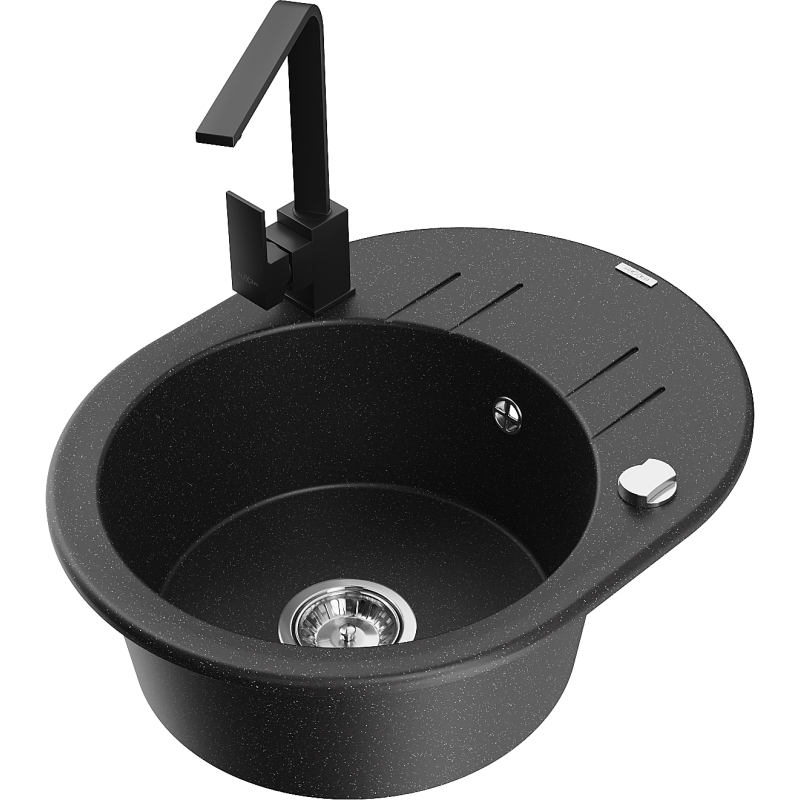 Mexen Kevin granit diskbänk med en ho och avrinningsyta samt köksblandare Rita, svart/guldfärgad metallic - 6517-75-670300-70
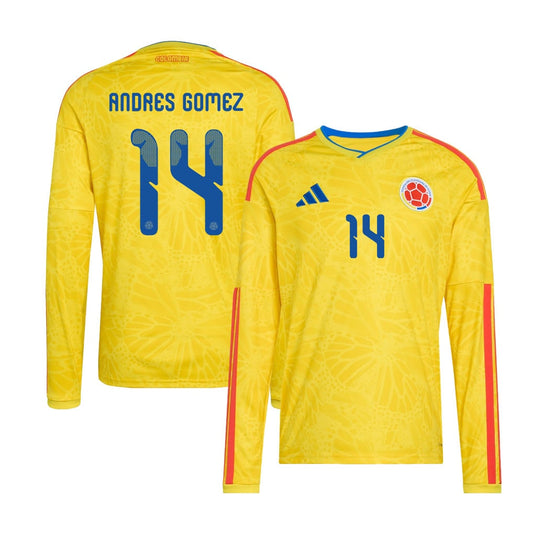 Andres Gomez 14 Colombia National Team 2026 Home Long Sleeve Jersey - Yellow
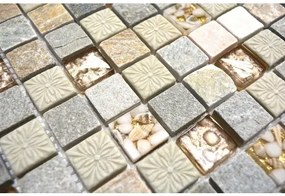 Sklenená mozaika s prírodným kameňom XCM CR27 viacfarebná 30x30 cm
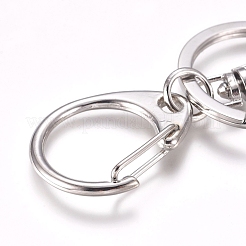 Alloy Keychain Clasp Findings&nbsp;KEYC-WH0016-21P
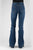 Stetson Womens 921 Plain Back Flare Blue Cotton Blend Jeans
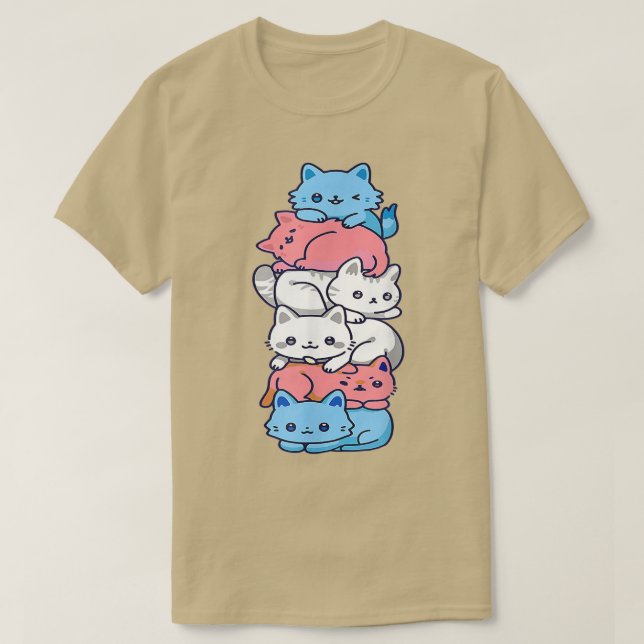 Camiseta Gato del orgullo transgénero LGBT Bandera Trans Cu (Diseño del anverso)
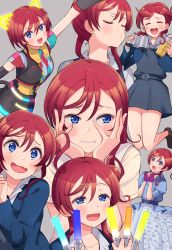 Rule 34 | 1girl, absurdres, artist request, cream (nipakupa), female focus, glowstick, grey background, hair down, highres, holding, holding glowstick, love live!, love live! superstar!!, red hair, short hair, yoneme mei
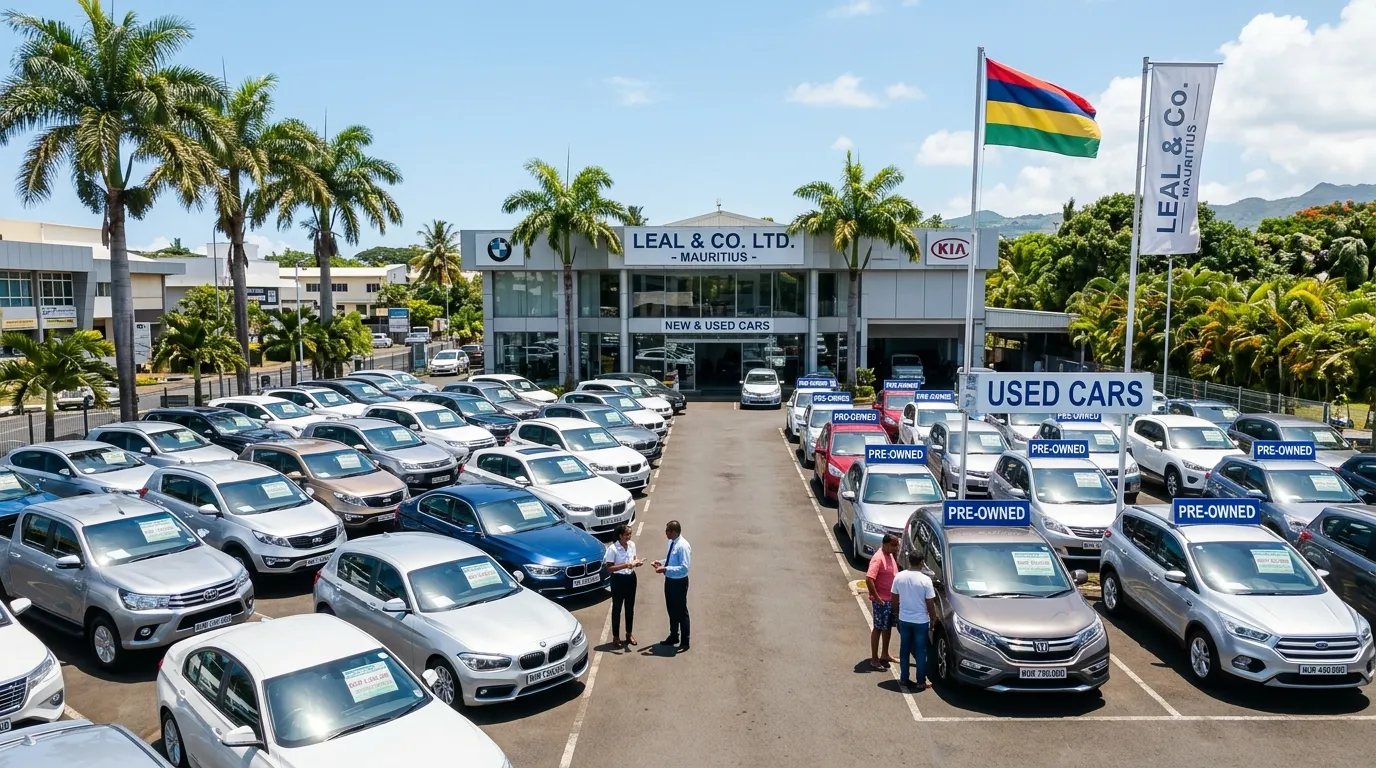 Parc automobile à Maurice avec voitures neuves et d’occasion sous soleil tropical.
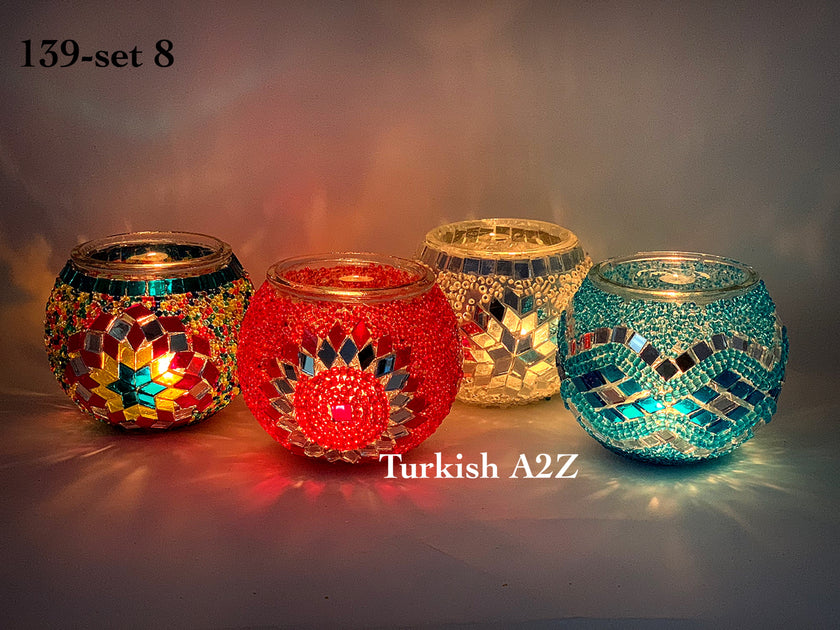 Moroccan Turkish Glass Mosaic Votive Candle Holder Tea Light Candlestick 05 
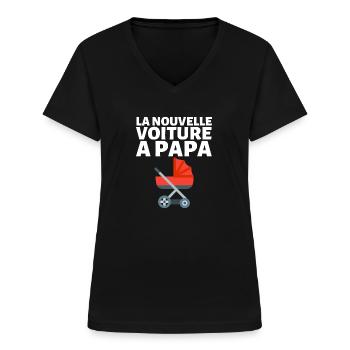 La Nouvelle Voiture De Papa Humour Futur Papa - T-shirt col V Femme - noir - Devant - Lela (165cm)
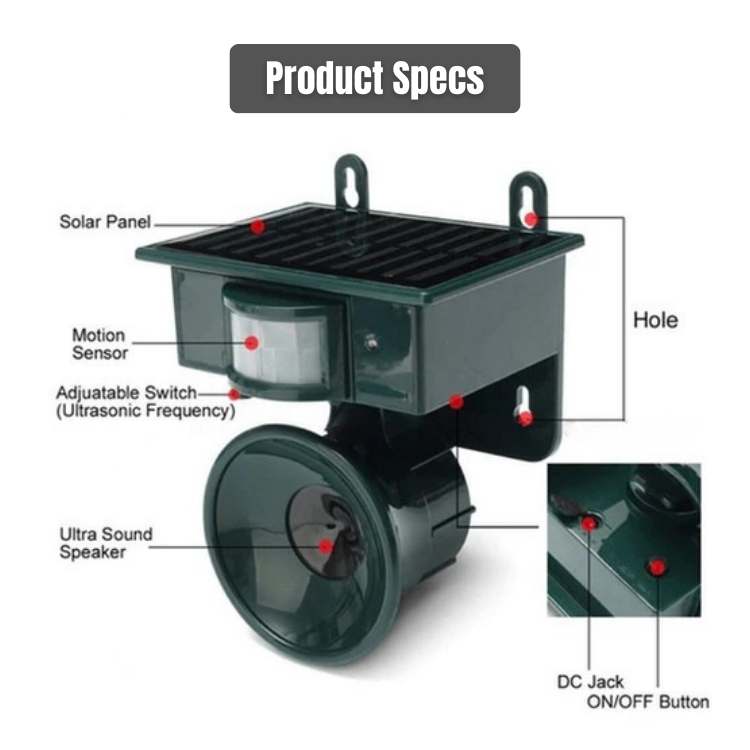SolarGuard Motion Activated Solar Bird Deterrent for Outdoor Use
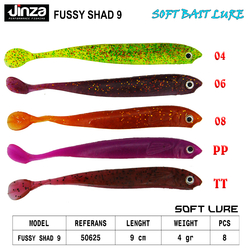 JINZA - Jinza Hawk Fussy Shad 90 mm 4 gr Silikon Balık 8 Adet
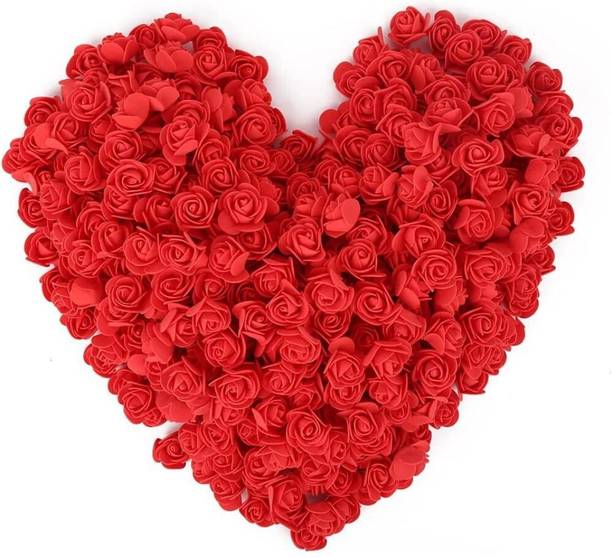 mogal Artificial Flower For Home Decoration (Pack Of 50) Red Rose Artificial Flower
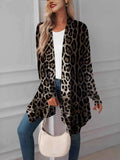 Leopard Print Oversized Long Open Front Cardigan.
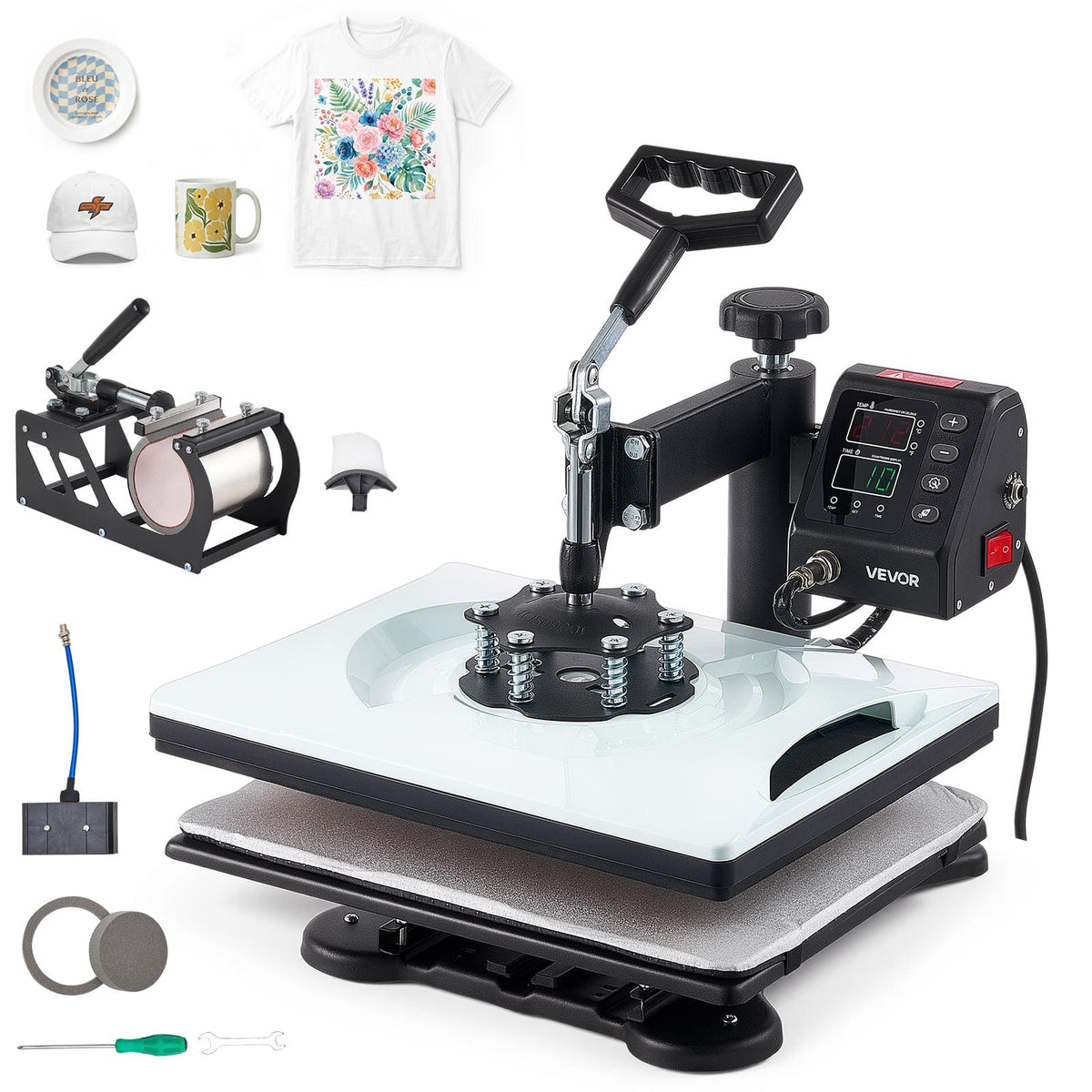 VEVOR - Heat Press Machine 12 x 15 in 5-in-1 Combo Sublimation Press Machine, Heat Up Fast and Even, Digital Precise Time - Black;White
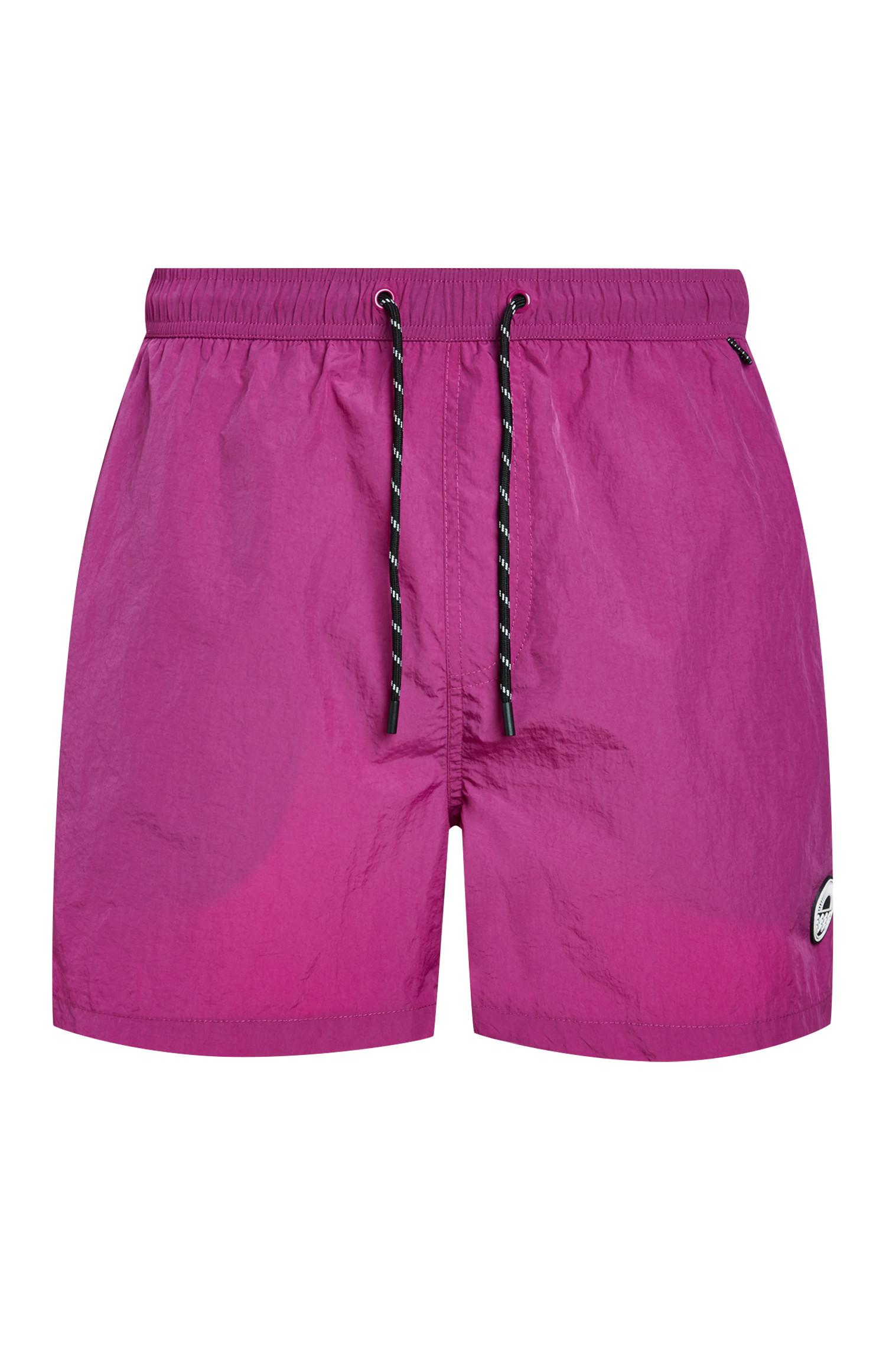 Calções banho taslan emblema cor-de-rosa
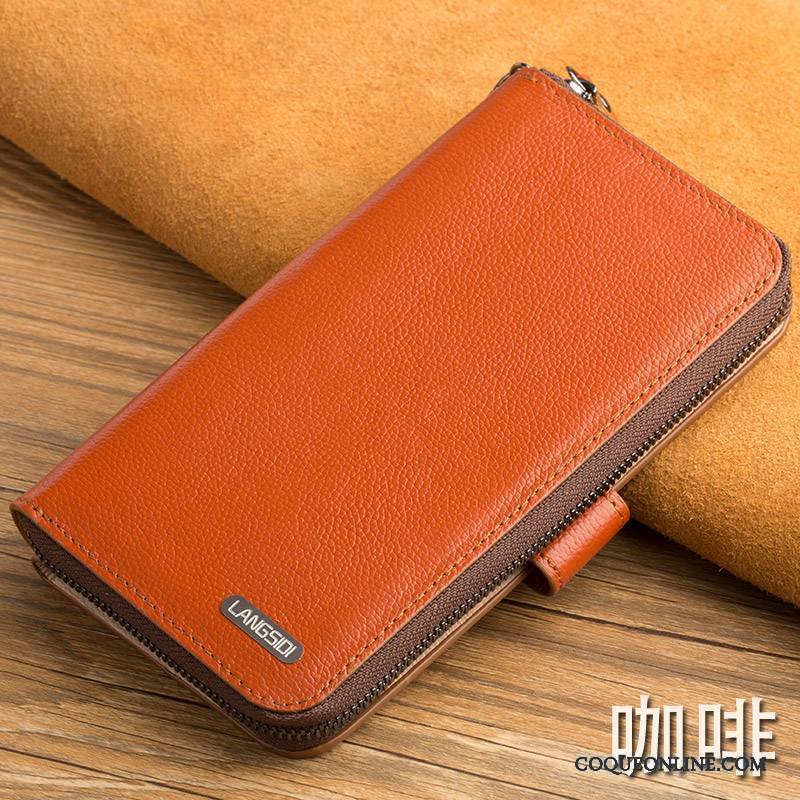 Nokia 8 Coque Tout Compris Protection Tendance Incassable Cuir Véritable Portefeuille Marron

◆ ◆ ◆

Only the lines from the top of the records through the line with "Andres Gomez 14" belong in the copy; write them out exactly, leaving out pictures.

 Mexen Kevin granit diskbänk med en ho och avrinningsyta samt köksblandare Rita, svart/guldfärgad metallic - 6517-75-670300-70
 Andres Gomez 14 Colombia National Team 2026 Home Long Sleeve Jersey - Yellow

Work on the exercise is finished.